Brand-synergy movies offer an alternative that’s expensive in dollars but cheap in creative effort. If you can’t build out a pantheon of characters that you convince an audience to become familiar with, why not just rent a bunch of properties they’re already familiar with, duct-tape them together, hoist them aloft before the camera, and declare that movie magic has been made? That way, the viewer gets to feel the thrill of seeing people, places, and things that come from different worlds coexist for a moment in time, but you don’t have to put in the work of establishing these properties.

It’s the next level up from mere cinematic adaptation. We no longer feel any particular elation when it’s announced that someone is making a filmed version of our favorite brand — that’s become de rigueur in the nostalgia economy. If you want to feel that old excitement, now you have to see your favorite brand be adapted in conjunction with another one of your favorite brands, and another, and another, until you have a filmic turducken of corporate interests. The ante has been upped, and as long as the big players in Hollywood can play nice with corporate partners, it will only elevate further.

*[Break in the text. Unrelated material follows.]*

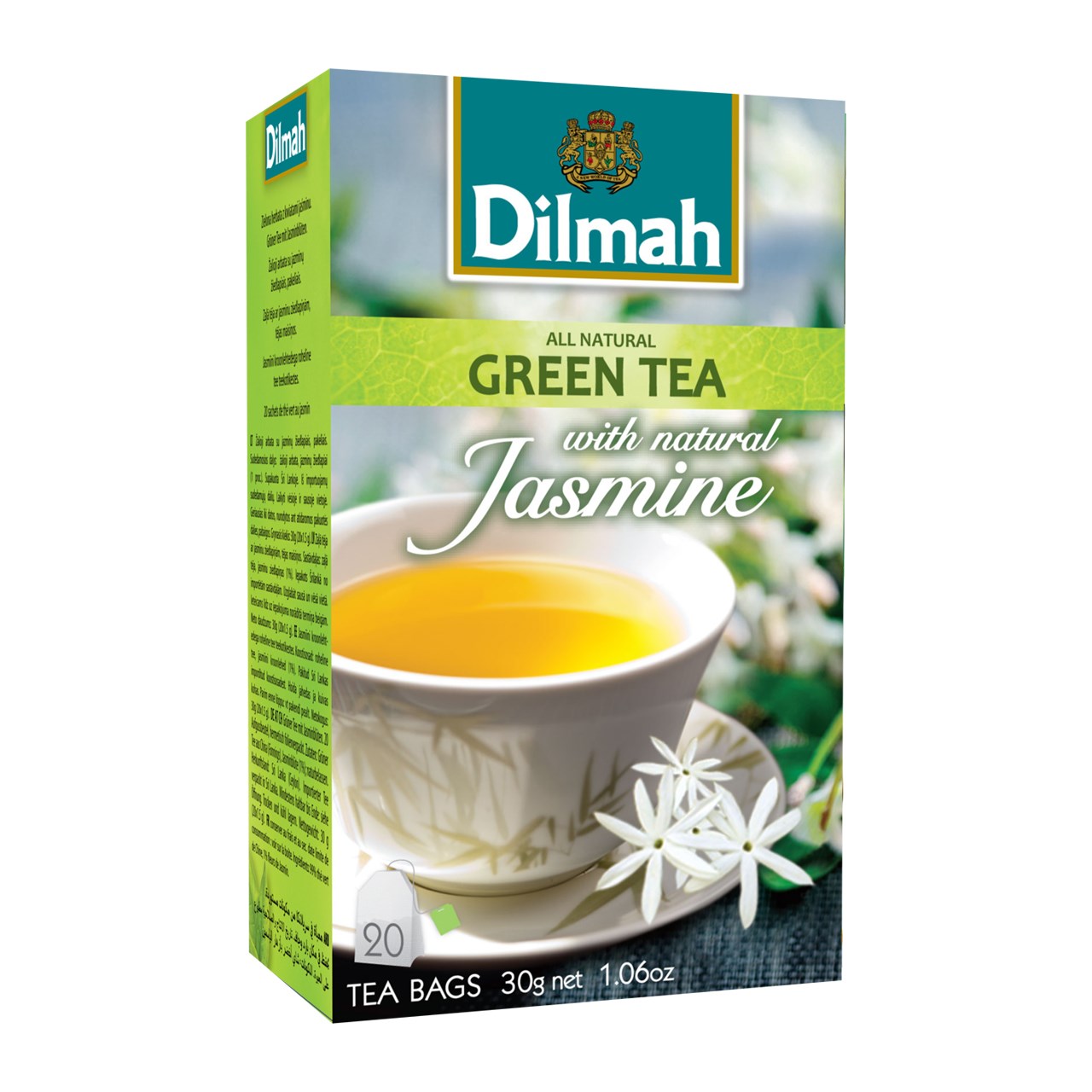 بسته چای سبز دیلما مدل Jasmine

This trend doesn’t have to be a death knell for creativity in blockbuster cinema. A turducken can be baked and seasoned well by the right cooks. The ne plus ultra of this phenomenon actually predates our present trend by 25 years: Robert Zemeckis’s 1988 Disney flick Who Framed Roger Rabbit? In preparation for Ralph Breaks the Internet, I rewatched Roger Rabbit for the first time since childhood and was amazed by how well it holds up. Sure, it gets its fair share of kicks out of constructing a world inhabited by classic Disney animated characters, their Looney Tunes competition, and a cavalcade of other cartoon stars. But their appearances in this surprisingly daring neo-noir are sparing and clever: Daffy and Donald Duck in an increasingly violent dueling-pianos competition, a black-and-white Betty Boop struggling to prove she’s still got it it in the world of color cartoons, a headline reading, “GOOFY CLEARED OF SPY CHARGES,” and the like.

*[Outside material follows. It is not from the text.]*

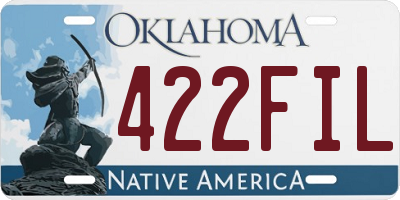 OK license plate 422FIL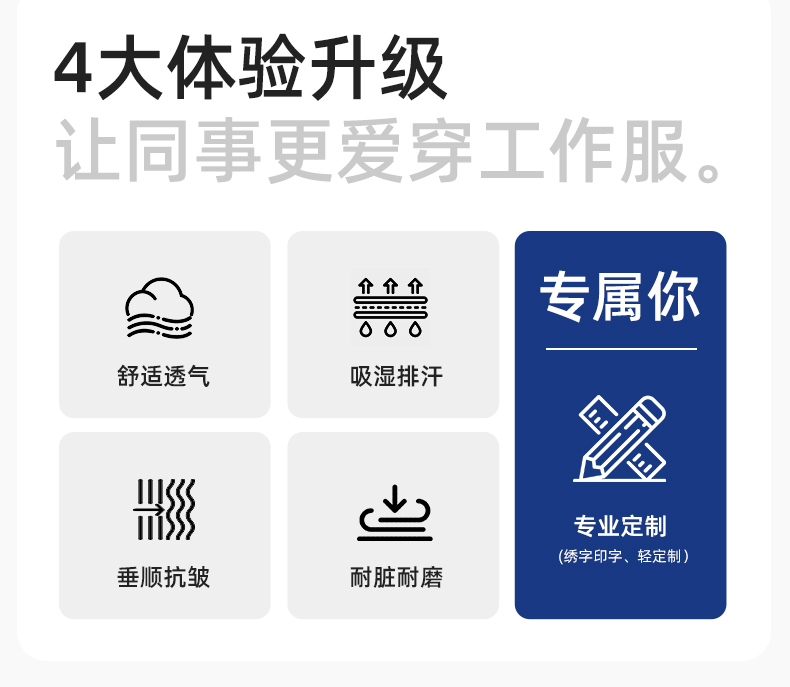 YM-092 春秋季工作服套装定制男耐磨建筑工程工厂车间长袖劳保服纯色工装(图2)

Roger Rabbit uses these cameos as building blocks for story and world-building, not mere showing-off. Okay, there’s a little bit of showing-off — I mean, how cool is it that Bugs Bunny and Mickey Mouse signed a truce long enough to appear together for a gag in the third act? — but for the most part, these characters are present to help critique show business. The toons, disrespected by humans and isolated in Toontown, are stand-ins for marginalized groups (particularly black people) whose labor has fueled the entertainment economy while being exploited by greedy white people who exclude them from the highest echelons of the industry. When we see Dumbo literally working for peanuts, it’s not just a joke about elephants’ preferred diet, but also a way to make our hearts break at the injustice of one of our most beloved figures being nickel-and-dimed by a crass studio chief. There’s just so much good storytelling and acting — not to mention still-impressive integration of 2-D animation and live action — that you can’t help but get caught up in the ride. These things can be done well.

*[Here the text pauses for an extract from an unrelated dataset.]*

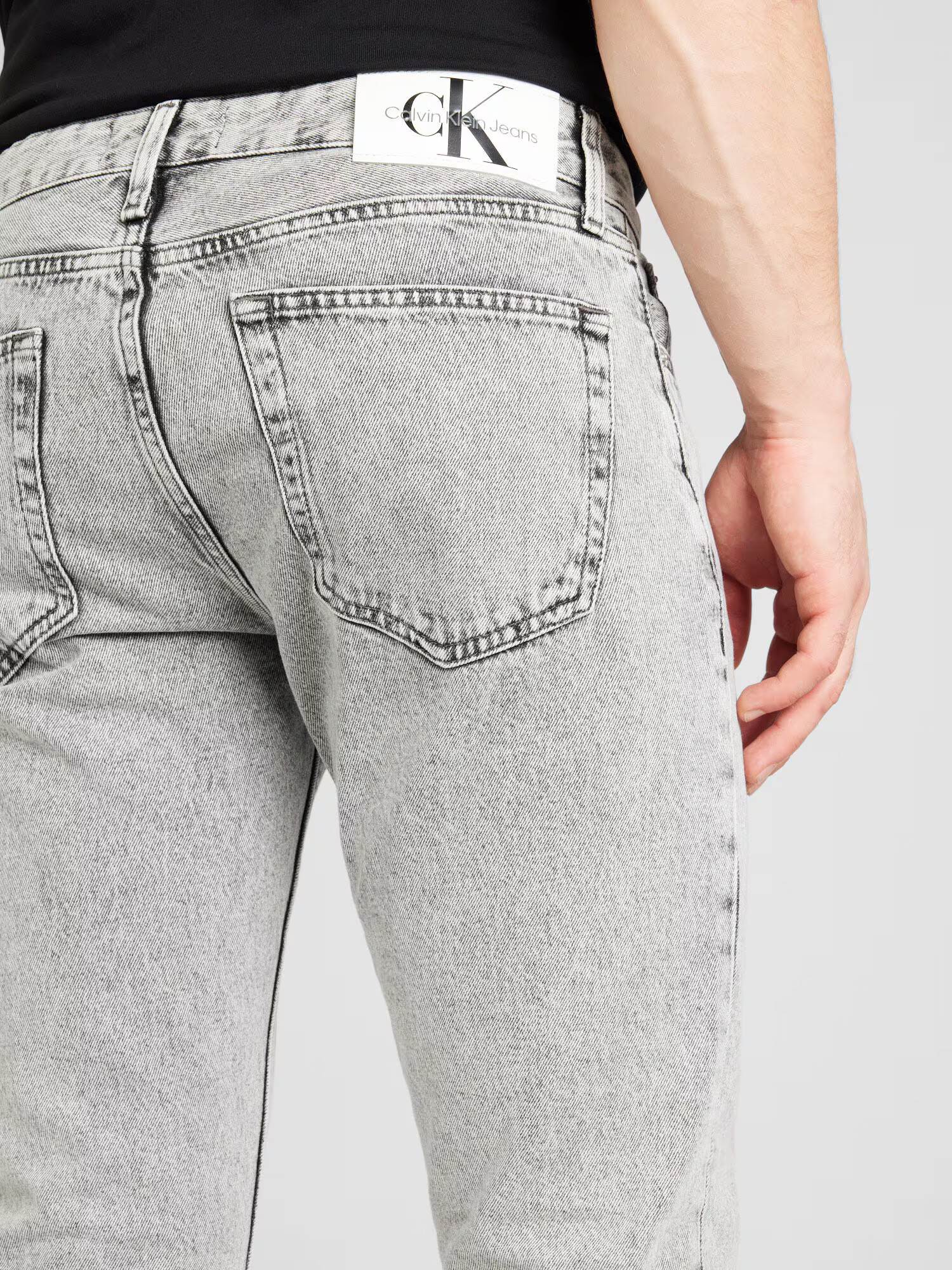 Calvin Klein Jeans Džínsy 'Authentic' svetlosivá - Pepit.sk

But it seems all too likely that they will be done poorly. One struggles to imagine brands being okay with Roger Rabbit–level subversion these days. It’ll all be focus-group-approved portrayals that advance the joint agendas of the creators and the companies, alike. The temptation to take a dull plot and spice it up with branded guest appearances is simply too strong. Such a process can create an illusion of familiarity and comfort that masks mediocre workmanship, and lord knows Hollywood will take any chance to spray a new perfume on a turd. To paraphrase Orwell: If you want a vision of the future, imagine Luke Skywalker and Jean-Luc Picard fighting Voldemort — forever.